* **Extracted information**
BEGIN
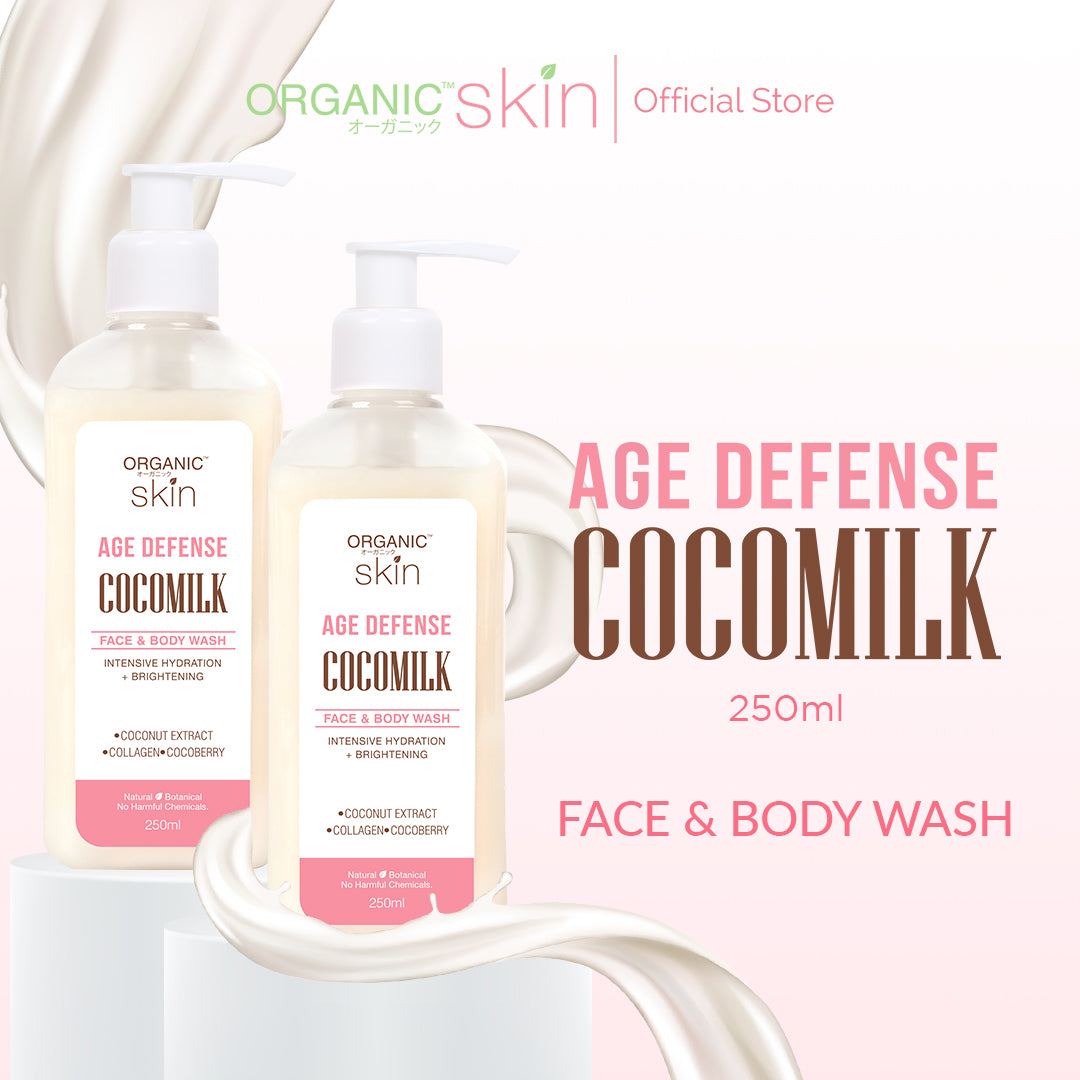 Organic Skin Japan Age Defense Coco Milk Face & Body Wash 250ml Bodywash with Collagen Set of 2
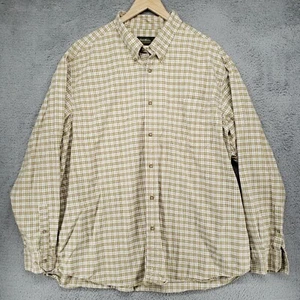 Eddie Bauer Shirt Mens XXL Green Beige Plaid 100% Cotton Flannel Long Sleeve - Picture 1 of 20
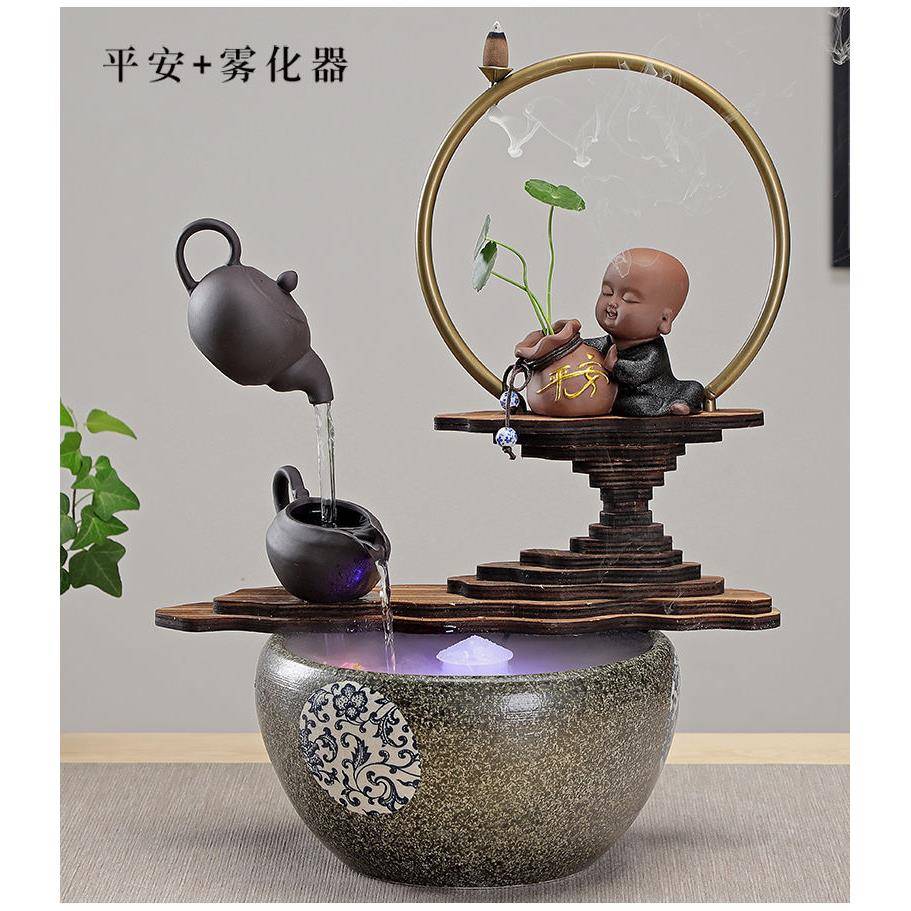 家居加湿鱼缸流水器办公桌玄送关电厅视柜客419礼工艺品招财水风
END
BEGIN
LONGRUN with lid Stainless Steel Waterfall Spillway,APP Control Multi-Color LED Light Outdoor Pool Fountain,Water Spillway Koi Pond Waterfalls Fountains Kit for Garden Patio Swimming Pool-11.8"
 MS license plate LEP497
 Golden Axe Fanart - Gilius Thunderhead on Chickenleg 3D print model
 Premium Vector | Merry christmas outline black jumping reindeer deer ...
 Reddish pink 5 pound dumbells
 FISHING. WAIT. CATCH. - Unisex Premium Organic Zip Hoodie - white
END
BEGIN
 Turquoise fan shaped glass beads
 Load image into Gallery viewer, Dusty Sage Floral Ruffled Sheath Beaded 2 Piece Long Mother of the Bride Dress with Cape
END
* **Description of the task**
The entries above hold the needed span. Transcribe exactly the lines from the one with "Premium Vector |" to the one with "FISHING. WAIT. CATCH.", both included.

* **Task result**
 Premium Vector | Merry christmas outline black jumping reindeer deer ...
 Reddish pink 5 pound dumbells
 FISHING. WAIT. CATCH. - Unisex Premium Organic Zip Hoodie - white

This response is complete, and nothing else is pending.